Torch version 2.0.1 has not been tested with coremltools. You may run into unexpected errors. Torch 2.0.0 is the most recent version that has been tested.
Traceback (most recent call last):
  File "/xxx/env/lib/python3.8/site-packages/kraken/lib/vgsl.py", line 283, in load_model
    mlmodel = MLModel(path)
  File "/xxx/env/lib/python3.8/site-packages/coremltools/models/model.py", line 340, in __init__
    self.__proxy__, self._spec, self._framework_error = _get_proxy_and_spec(
  File "/xxx/env/lib/python3.8/site-packages/coremltools/models/model.py", line 132, in _get_proxy_and_spec
    specification = _load_spec(filename)
  File "/xxx/env/lib/python3.8/site-packages/coremltools/models/utils.py", line 226, in load_spec
    spec.ParseFromString(f.read())
  File "/xxx/env/lib/python3.8/site-packages/google/protobuf/message.py", line 202, in ParseFromString
    return self.MergeFromString(serialized)
  File "/xxx/env/lib/python3.8/site-packages/google/protobuf/internal/python_message.py", line 1128, in MergeFromString
    if self._InternalParse(serialized, 0, length) != length:
  File "/xxx/env/lib/python3.8/site-packages/google/protobuf/internal/python_message.py", line 1195, in InternalParse
    pos = field_decoder(buffer, new_pos, end, self, field_dict)
  File "/xxx/env/lib/python3.8/site-packages/google/protobuf/internal/decoder.py", line 726, in DecodeField
    if value._InternalParse(buffer, pos, new_pos) != new_pos:
  File "/xxx/env/lib/python3.8/site-packages/google/protobuf/internal/python_message.py", line 1188, in InternalParse
    new_pos = local_SkipField(buffer, old_pos, end, tag_bytes)
  File "/xxx/env/lib/python3.8/site-packages/google/protobuf/internal/decoder.py", line 1025, in SkipField
    return WIRETYPE_TO_SKIPPER[wire_type](buffer, pos, end)
  File "/xxx/env/lib/python3.8/site-packages/google/protobuf/internal/decoder.py", line 899, in _SkipFixed64
    raise _DecodeError('Truncated message.')
google.protobuf.message.DecodeError: Truncated message.

The above exception was the direct cause of the following exception:

Traceback (most recent call last):
  File "kraken_test.py", line 8, in <module>
    model = vgsl.TorchVGSLModel.load_model(model_path)
  File "/xxx/env/lib/python3.8/site-packages/kraken/lib/vgsl.py", line 287, in load_model
    raise KrakenInvalidModelException('Failure parsing model protobuf: {}'.format(str(e))) from e
kraken.lib.exceptions.KrakenInvalidModelException: Failure parsing model protobuf: Truncated message.

What can I do to get the model running?

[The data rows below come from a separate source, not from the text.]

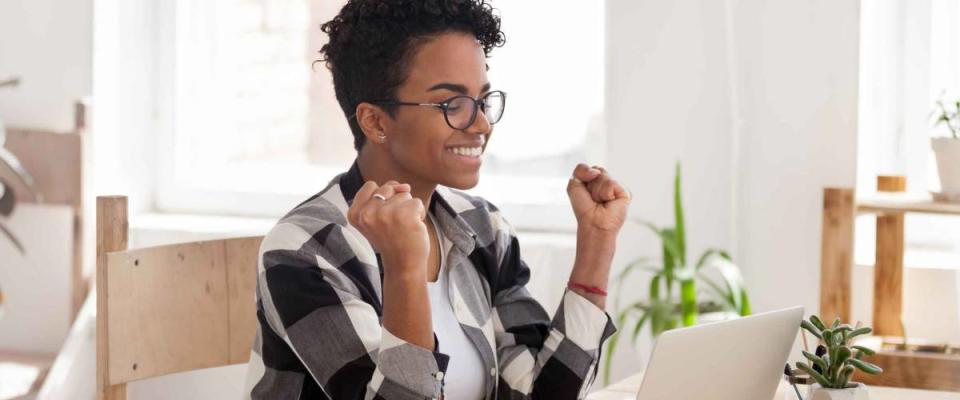 Excited African American woman in glasses read good news online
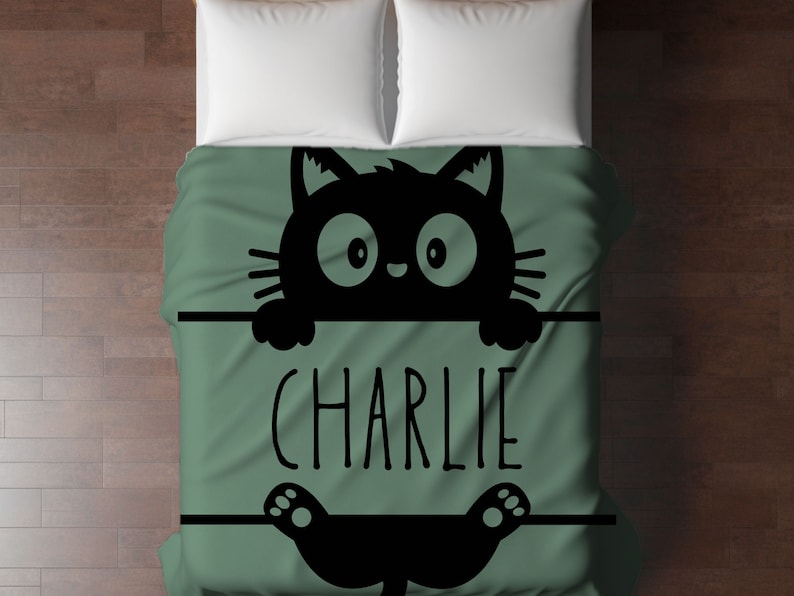 May include: A green and black bedding set with a cartoon black cat peeking over the top and the name "CHARLIE" printed on the front.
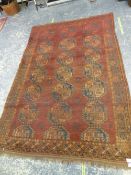 AN ANTIQUE AFGHAN BOKHARA CARPET 386x261cms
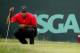 ARDMORE, PA - JUNE 16: Tiger Woods of the United States lines up a putt on the second hole during the final round of the 113th U.S. Open at Merion Golf Club on June 16, 2013 in Ardmore, Pennsylvania. (Photo by Rob Carr/Getty Images)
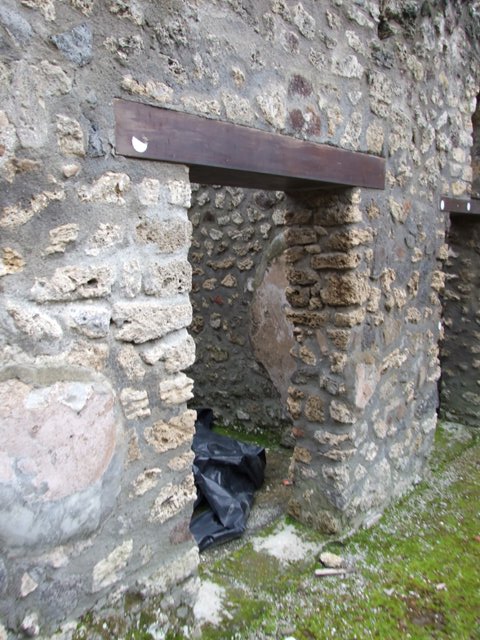 IX.8.6 Pompeii. March 2009.  West Portico. South door in west wall leading to Room 22.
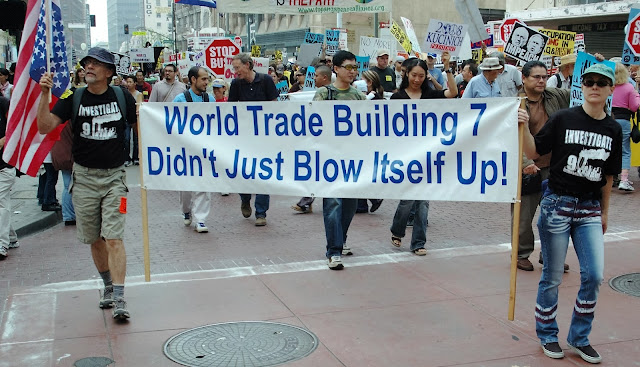 9-11 Protests at the World Trade Center Protesters in New York City carry saying "World Trade Center Building 7 didn't just blow itself Up!"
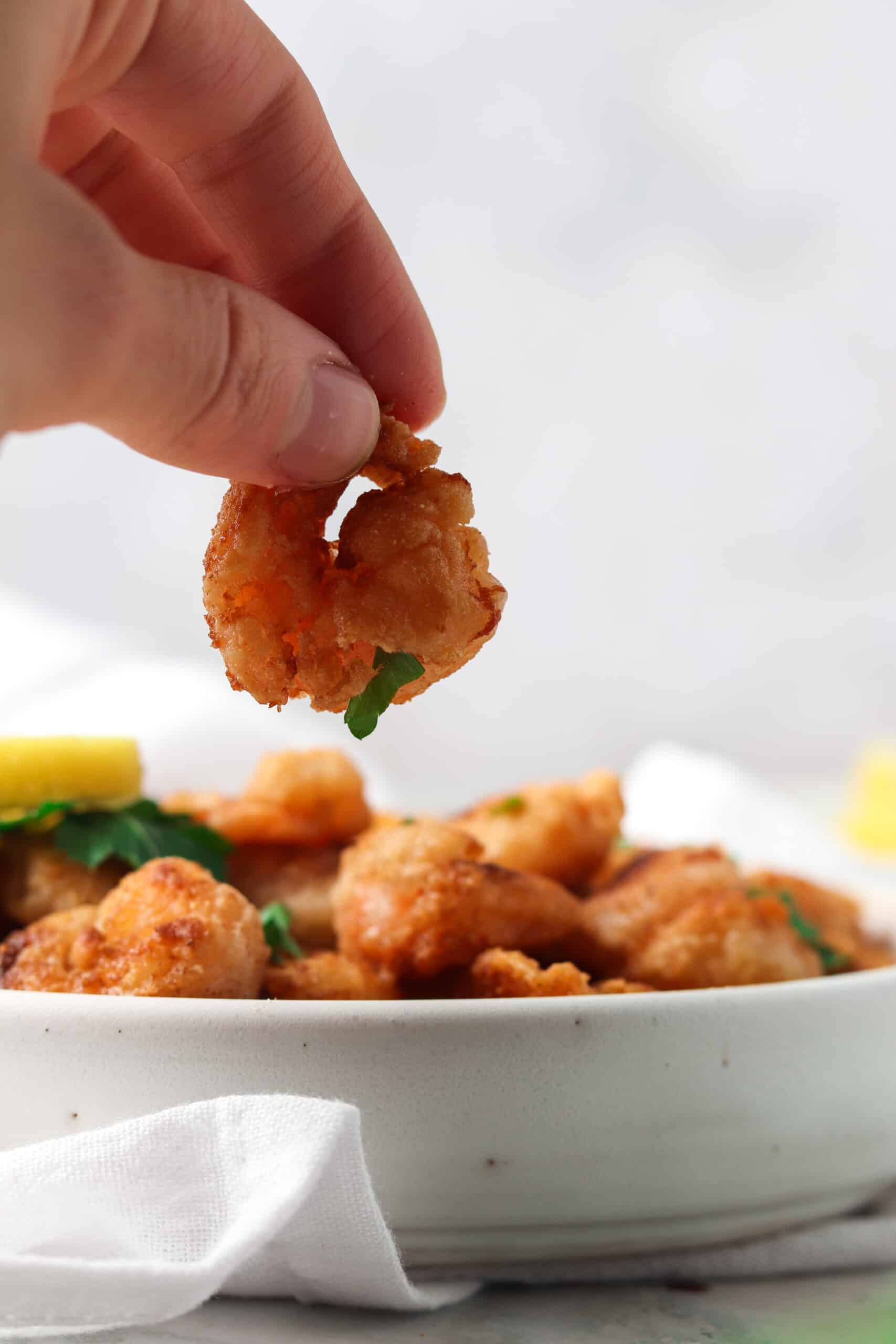 Person holding a piece of gluten free fried shrimp over a white plate.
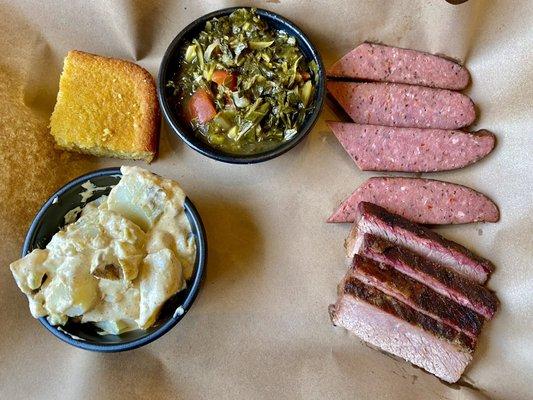 2 meats (sausage & brisket), 2 sides (collards, potato salad), corn bread, & 1 drink.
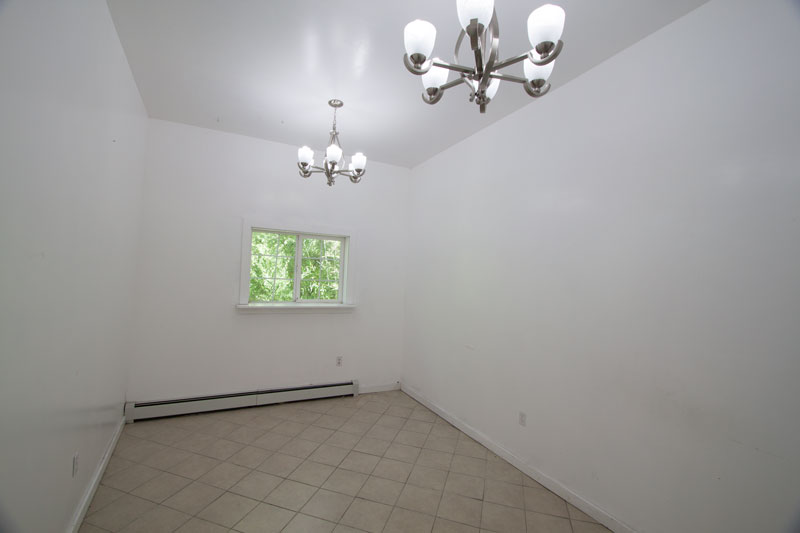 Another view of Bay 8 showing sliding glass entry.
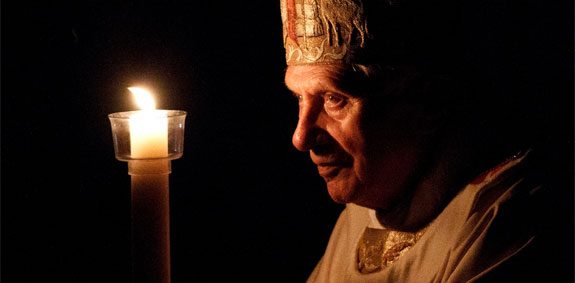 1272benxvieaste_00000000795 Pope Benedict XVI carries a candle in procession as he arrives to celebrate the Easter Vigil Mass in St. Peter's Basilica at the Vatican April 7. (CNS photo/Paul Haring)
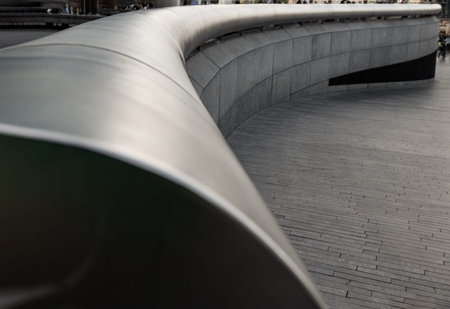 London, UK - Apr 27, 2025 - Guided by a low-angle view, the smooth stainless steel handrail creates...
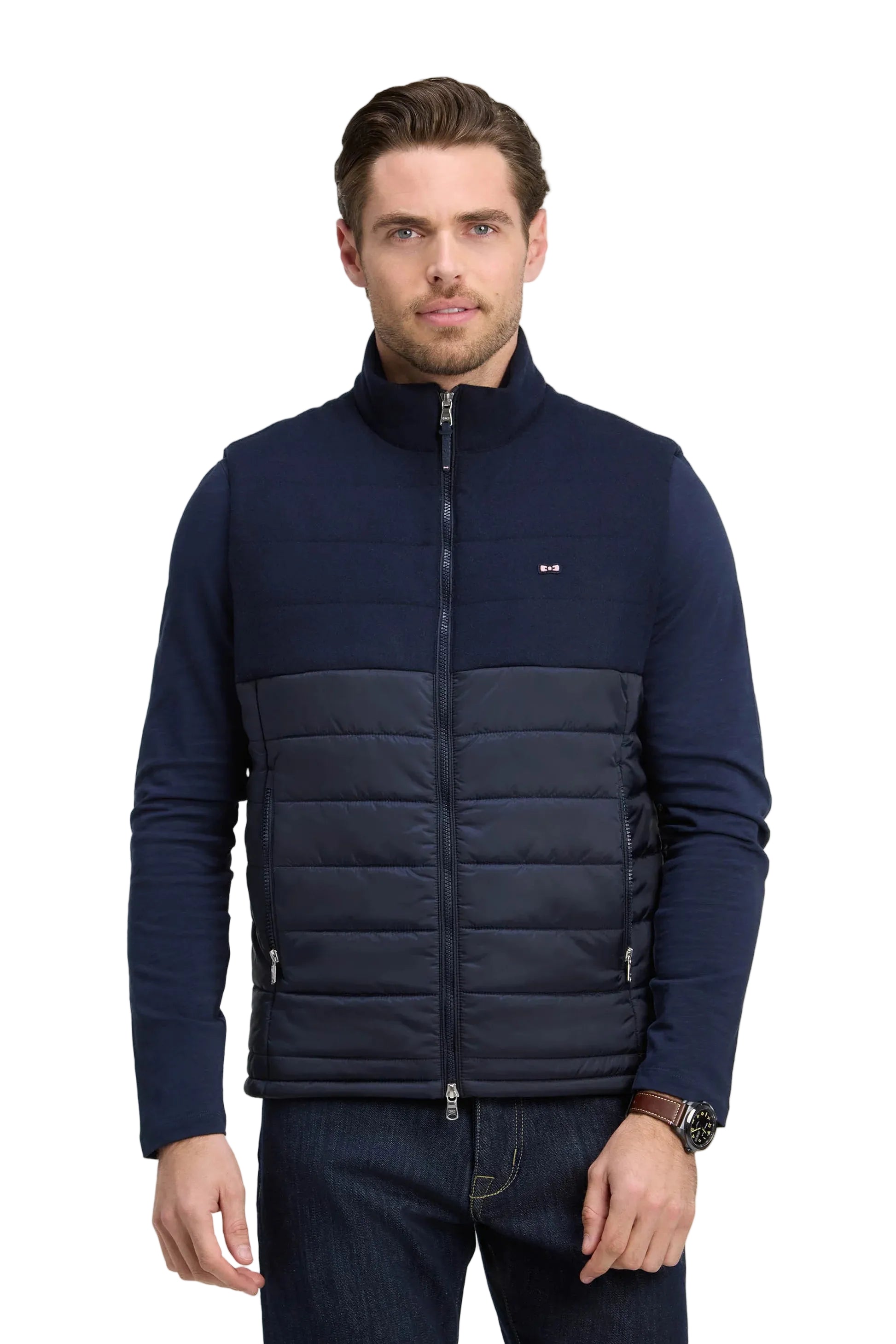 Dark blue men's hybrid vest with a padded, horizontally quilted front, knitted long sleeves and back, stand collar, and full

I am currently using the latest version of kraken, but I could also switch to another one if necessary.

Best tidoe

mittagessen commented 9 months ago

On 23/10/09 06:51AM, Tillmann Dönicke wrote:

I want to process some Syriac texts using your syriac-monotype model. I receive the following errors:

The CLSTM models have been deprecated a long time ago (and if I remember correctly those Syriac models were only trained on artificial training data anyway) because the library isn't maintained anymore and isn't that flexible. There's one model here [0] that should work although I can't vouch for its quality. Otherwise, I do vaguely remember there being some training data and models somewhere but I need to find the person responsible for those (probably George Kiraz).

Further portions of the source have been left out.